> **DATASET CONTENT**:

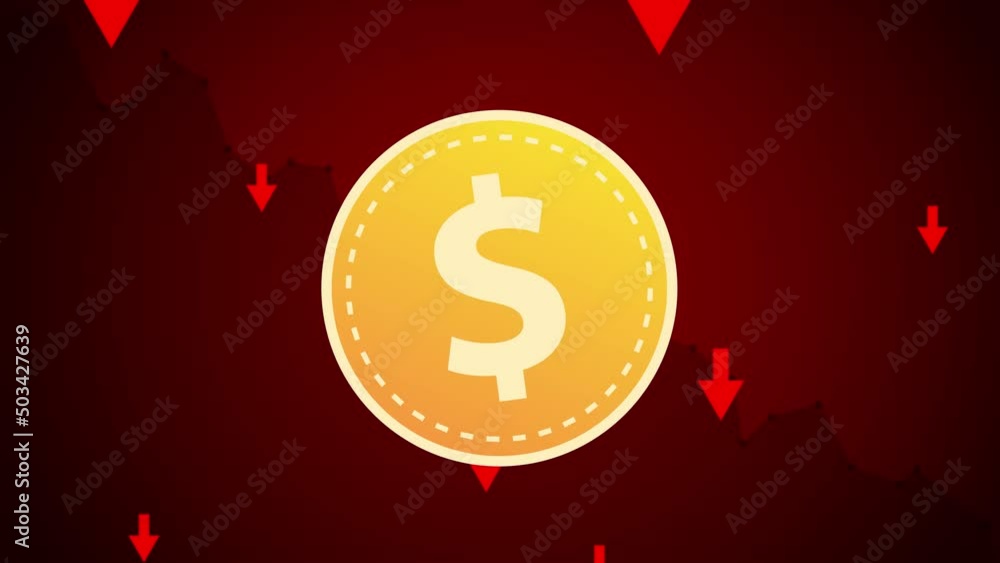 Poster dollar coin with red arrows going down ang graph in the background. - animation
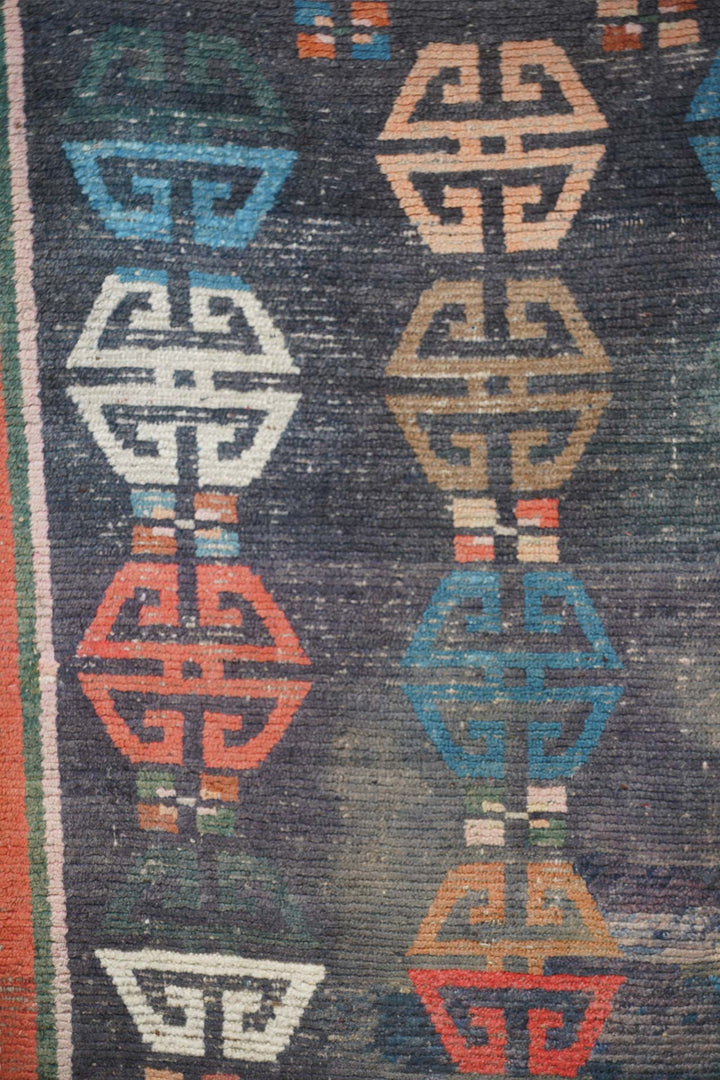 Hand-Knotted Tibetan Khaden Rug | Geometric Endless Knot Medallion Pattern | Detail View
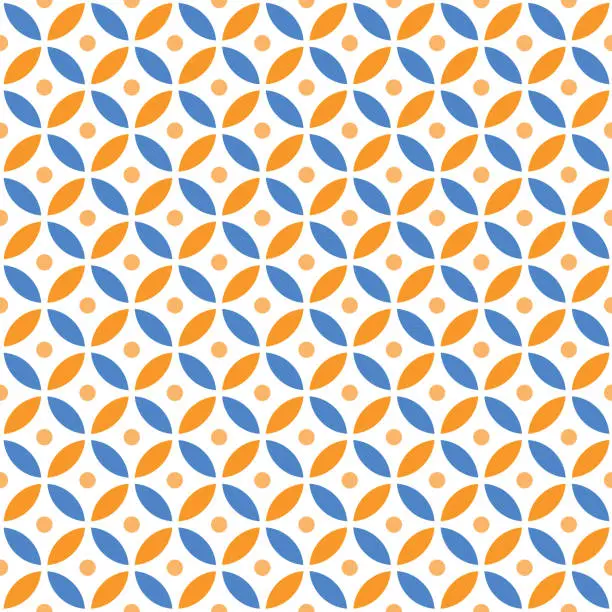 Vector illustration of Seamless Intersecting Geometric Vintage Orange and Blue Circle Pattern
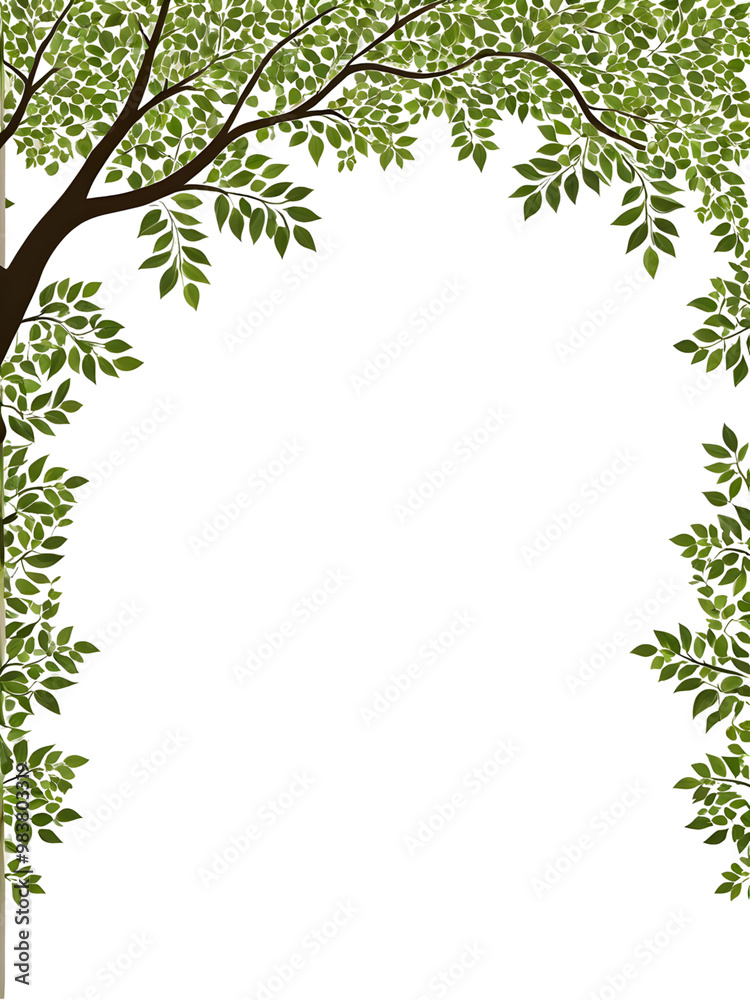 Green leaf border frame PNG transparent background Green leaf border frame PNG transparent background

> **ASSIGNMENT**:
From the material above, print everything exactly except the pictures.

> **ANSWER SPACE**:
 Poster dollar coin with red arrows going down ang graph in the background. - animation
 Hand-Knotted Tibetan Khaden Rug | Geometric Endless Knot Medallion Pattern | Detail View
 Vector illustration of Seamless Intersecting Geometric Vintage Orange and Blue Circle Pattern
 Green leaf border frame PNG transparent background Green leaf border frame PNG transparent background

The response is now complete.